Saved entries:
----------------
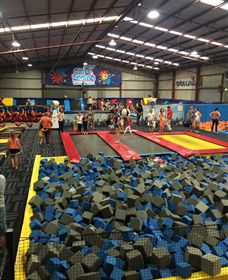 Airodrome Trampoline Park - Accommodation Main Beach 1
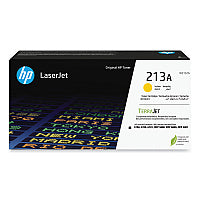 HP 213A (W2132A) Yellow Original LaserJet Toner Cartridge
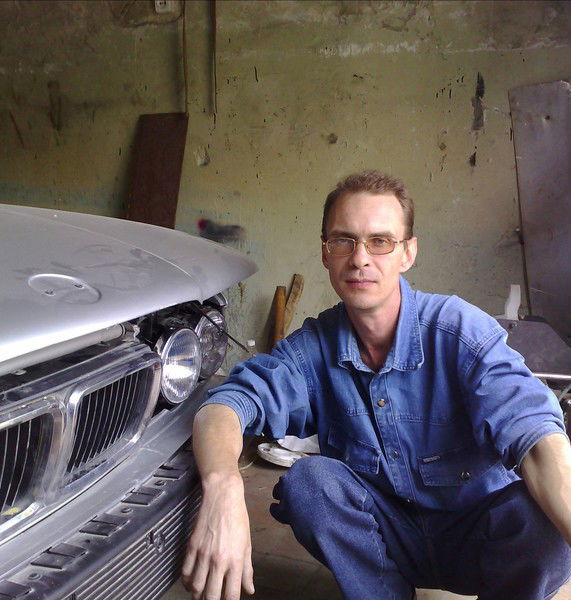 Сергей Журба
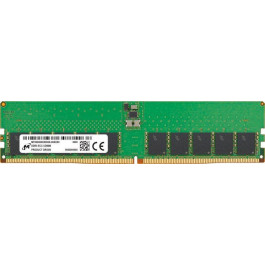   Micron 32 GB DDR5 4800 MHz (MTC20C2085S1EC48BA1R)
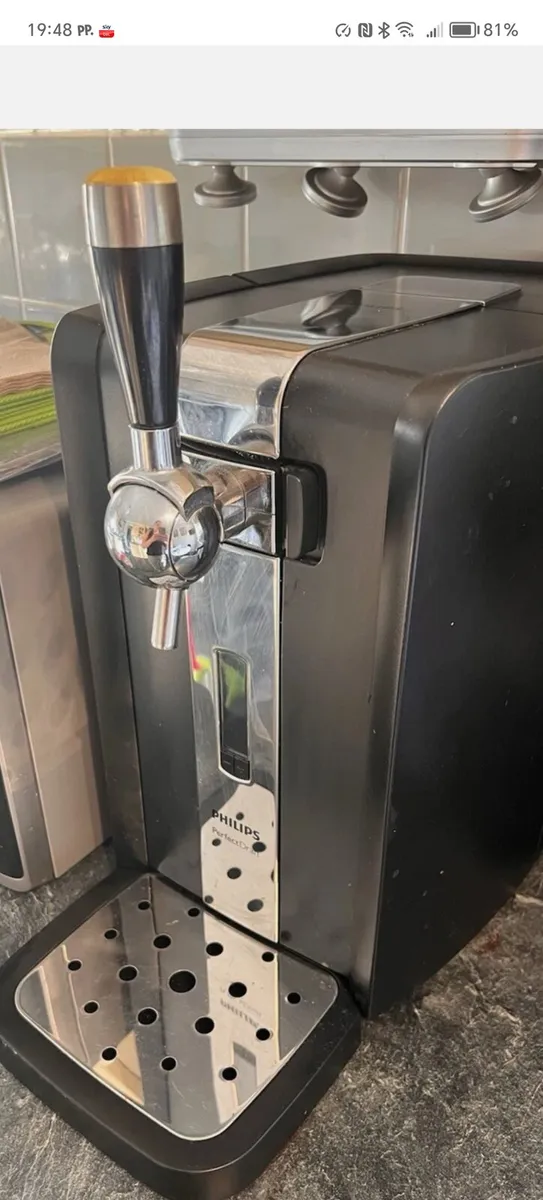 Phillips perfect draft beer cooler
----------------
## EXERCISE GOAL
I need the entries printed exactly, with each picture left out.

## SOLUTION TO THE EXERCISE
 Airodrome Trampoline Park - Accommodation Main Beach 1
 HP 213A (W2132A) Yellow Original LaserJet Toner Cartridge
 Сергей Журба
   Micron 32 GB DDR5 4800 MHz (MTC20C2085S1EC48BA1R)
 Phillips perfect draft beer cooler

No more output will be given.